------ Available data ------

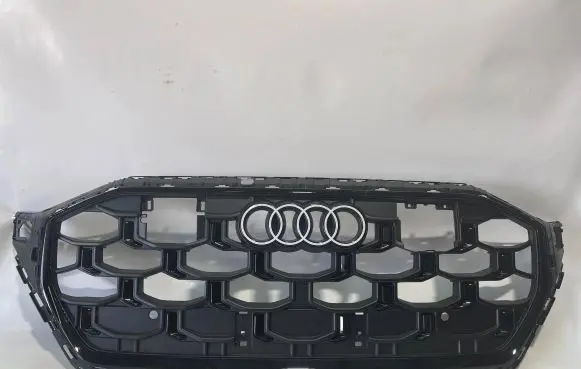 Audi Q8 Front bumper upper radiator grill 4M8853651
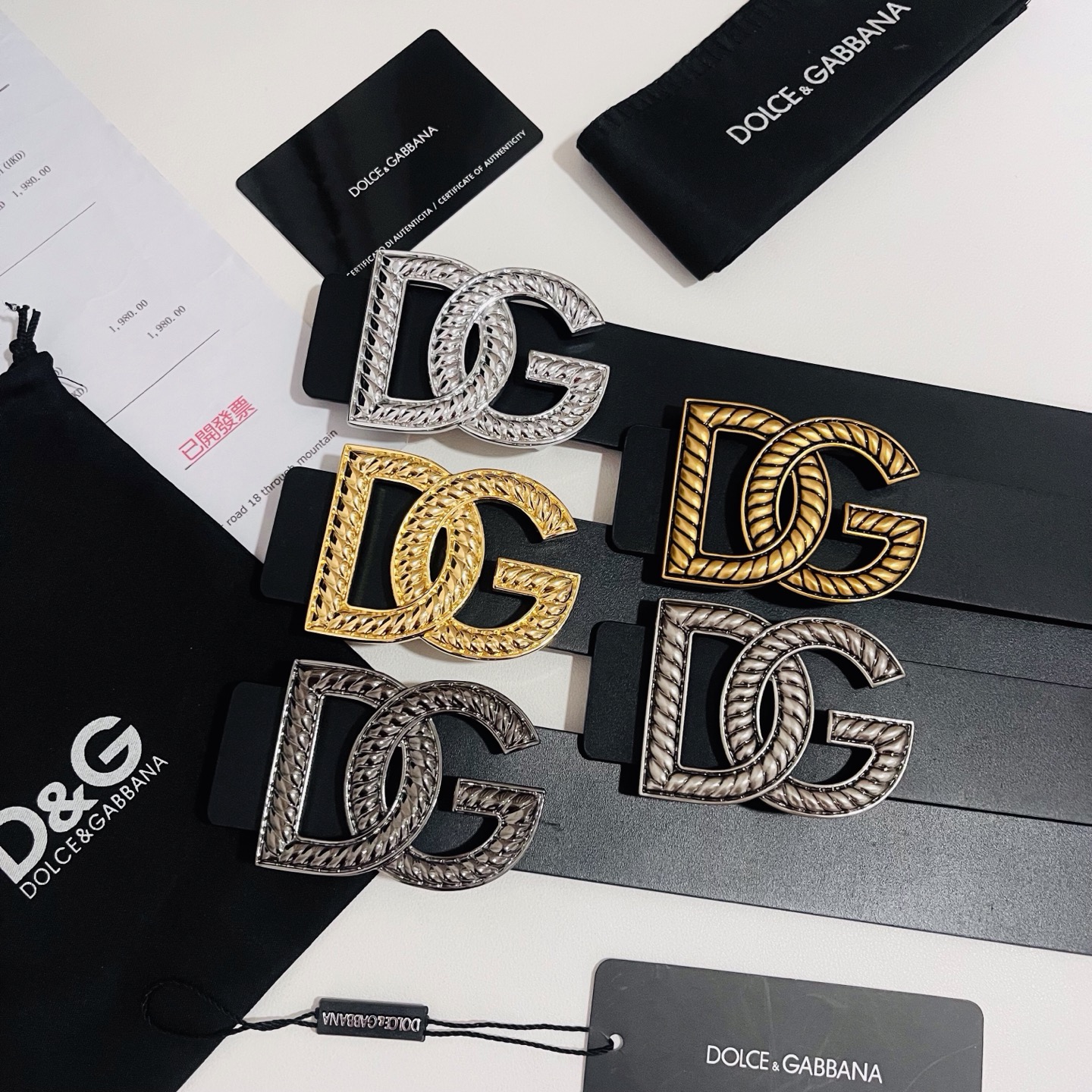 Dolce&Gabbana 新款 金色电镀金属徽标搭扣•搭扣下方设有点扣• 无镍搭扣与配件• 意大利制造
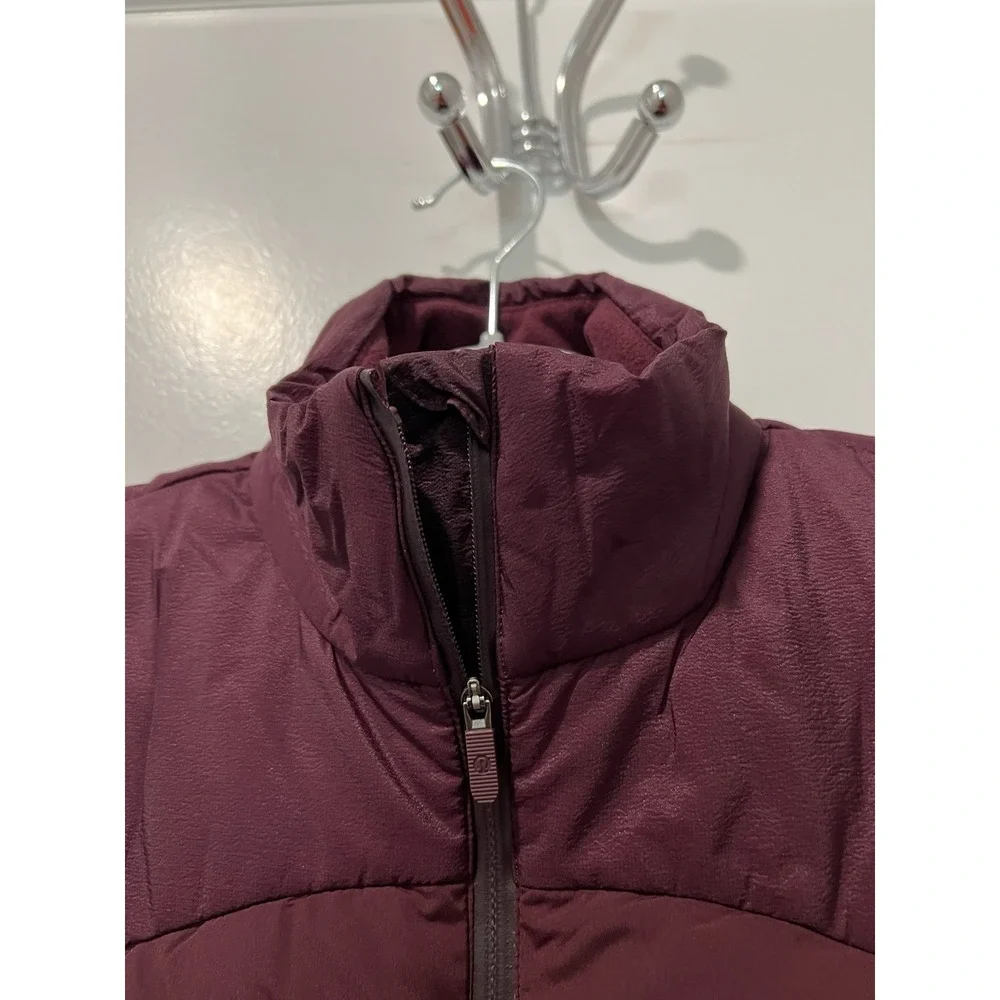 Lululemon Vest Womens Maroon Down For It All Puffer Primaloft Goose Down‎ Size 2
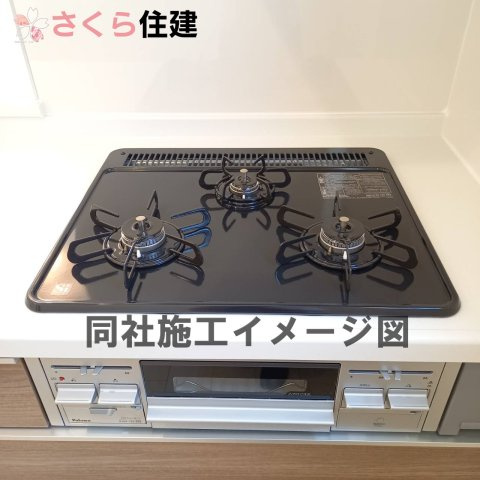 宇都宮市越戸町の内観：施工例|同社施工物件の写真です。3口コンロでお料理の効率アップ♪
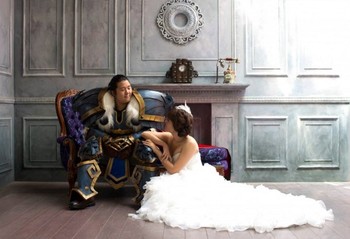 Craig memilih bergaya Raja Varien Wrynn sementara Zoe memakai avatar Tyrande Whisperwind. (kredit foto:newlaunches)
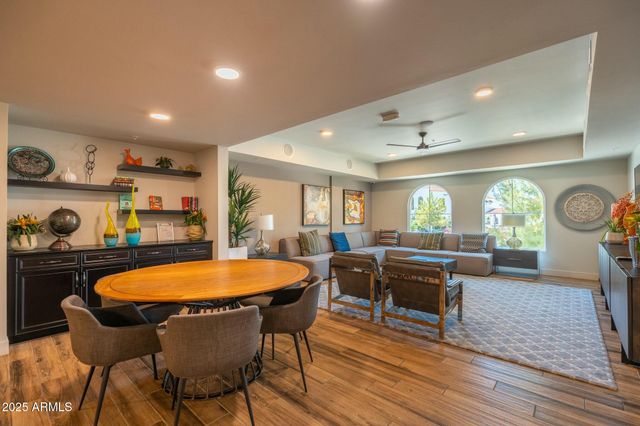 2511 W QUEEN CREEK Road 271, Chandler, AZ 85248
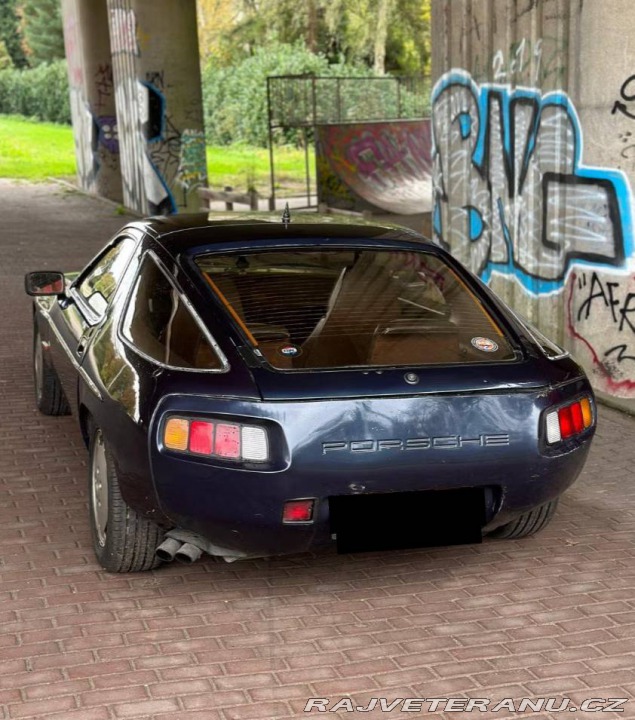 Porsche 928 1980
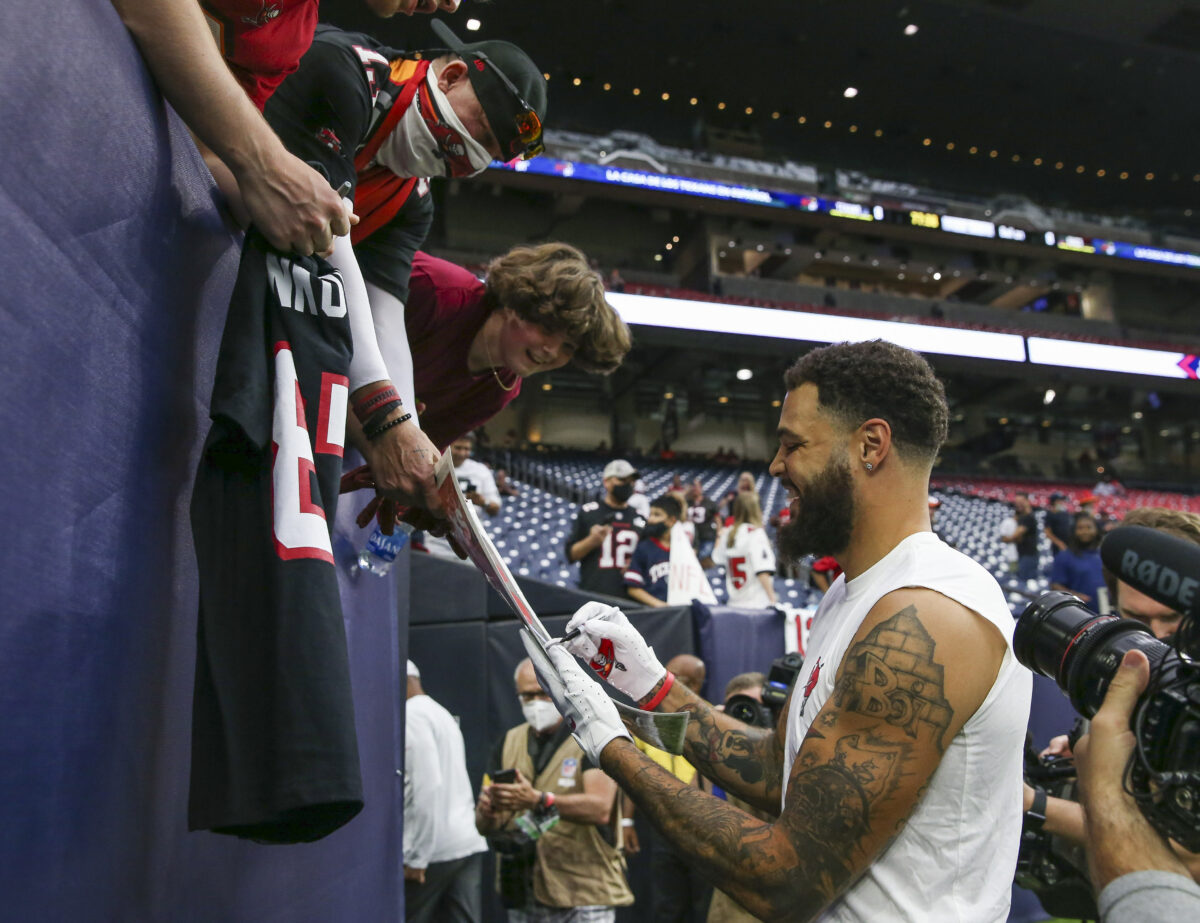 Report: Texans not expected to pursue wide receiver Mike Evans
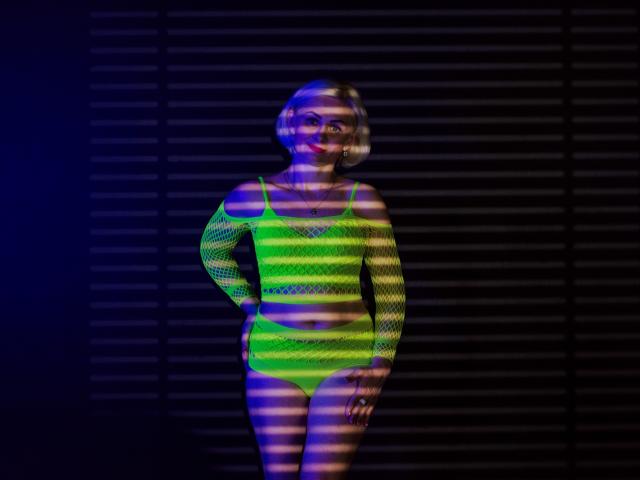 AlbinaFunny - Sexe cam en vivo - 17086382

------

Task prompt
Write out each line exactly, from the one containing "2511 W QUEEN" through the end of the entries, and skip the pictures.

Result below
 2511 W QUEEN CREEK Road 271, Chandler, AZ 85248
 Porsche 928 1980
 Report: Texans not expected to pursue wide receiver Mike Evans
 AlbinaFunny - Sexe cam en vivo - 17086382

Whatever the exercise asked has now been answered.